### Dataset entries ###

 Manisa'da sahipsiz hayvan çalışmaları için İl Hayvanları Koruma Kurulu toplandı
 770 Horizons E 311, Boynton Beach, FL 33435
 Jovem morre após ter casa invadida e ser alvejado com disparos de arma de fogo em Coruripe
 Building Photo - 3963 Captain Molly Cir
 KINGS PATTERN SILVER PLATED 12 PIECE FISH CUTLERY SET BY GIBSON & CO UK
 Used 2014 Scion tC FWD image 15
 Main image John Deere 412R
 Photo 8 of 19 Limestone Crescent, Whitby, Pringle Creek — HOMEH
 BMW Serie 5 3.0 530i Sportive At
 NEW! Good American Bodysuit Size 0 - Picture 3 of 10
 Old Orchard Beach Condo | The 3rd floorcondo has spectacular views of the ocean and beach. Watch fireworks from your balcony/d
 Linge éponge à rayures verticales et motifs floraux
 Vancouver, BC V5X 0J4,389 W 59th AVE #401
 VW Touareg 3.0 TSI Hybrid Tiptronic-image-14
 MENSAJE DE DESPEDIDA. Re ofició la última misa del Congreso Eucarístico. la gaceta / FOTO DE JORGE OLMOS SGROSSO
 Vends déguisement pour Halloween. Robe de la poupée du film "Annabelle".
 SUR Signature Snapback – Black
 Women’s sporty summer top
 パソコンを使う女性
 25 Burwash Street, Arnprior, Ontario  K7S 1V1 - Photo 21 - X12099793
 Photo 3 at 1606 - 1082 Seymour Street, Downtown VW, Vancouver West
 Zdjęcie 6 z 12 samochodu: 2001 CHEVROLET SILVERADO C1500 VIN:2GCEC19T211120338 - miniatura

###

**Work instruction:**
Copy the lines above exactly, leaving every word as it is.

**Exercise output:**
 Manisa'da sahipsiz hayvan çalışmaları için İl Hayvanları Koruma Kurulu toplandı
 770 Horizons E 311, Boynton Beach, FL 33435
 Jovem morre após ter casa invadida e ser alvejado com disparos de arma de fogo em Coruripe
 Building Photo - 3963 Captain Molly Cir
 KINGS PATTERN SILVER PLATED 12 PIECE FISH CUTLERY SET BY GIBSON & CO UK
 Used 2014 Scion tC FWD image 15
 Main image John Deere 412R
 Photo 8 of 19 Limestone Crescent, Whitby, Pringle Creek — HOMEH
 BMW Serie 5 3.0 530i Sportive At
 NEW! Good American Bodysuit Size 0 - Picture 3 of 10
 Old Orchard Beach Condo | The 3rd floorcondo has spectacular views of the ocean and beach. Watch fireworks from your balcony/d
 Linge éponge à rayures verticales et motifs floraux
 Vancouver, BC V5X 0J4,389 W 59th AVE #401
 VW Touareg 3.0 TSI Hybrid Tiptronic-image-14
 MENSAJE DE DESPEDIDA. Re ofició la última misa del Congreso Eucarístico. la gaceta / FOTO DE JORGE OLMOS SGROSSO
 Vends déguisement pour Halloween. Robe de la poupée du film "Annabelle".
 SUR Signature Snapback – Black
 Women’s sporty summer top
 パソコンを使う女性
 25 Burwash Street, Arnprior, Ontario  K7S 1V1 - Photo 21 - X12099793
 Photo 3 at 1606 - 1082 Seymour Street, Downtown VW, Vancouver West
 Zdjęcie 6 z 12 samochodu: 2001 CHEVROLET SILVERADO C1500 VIN:2GCEC19T211120338 - miniatura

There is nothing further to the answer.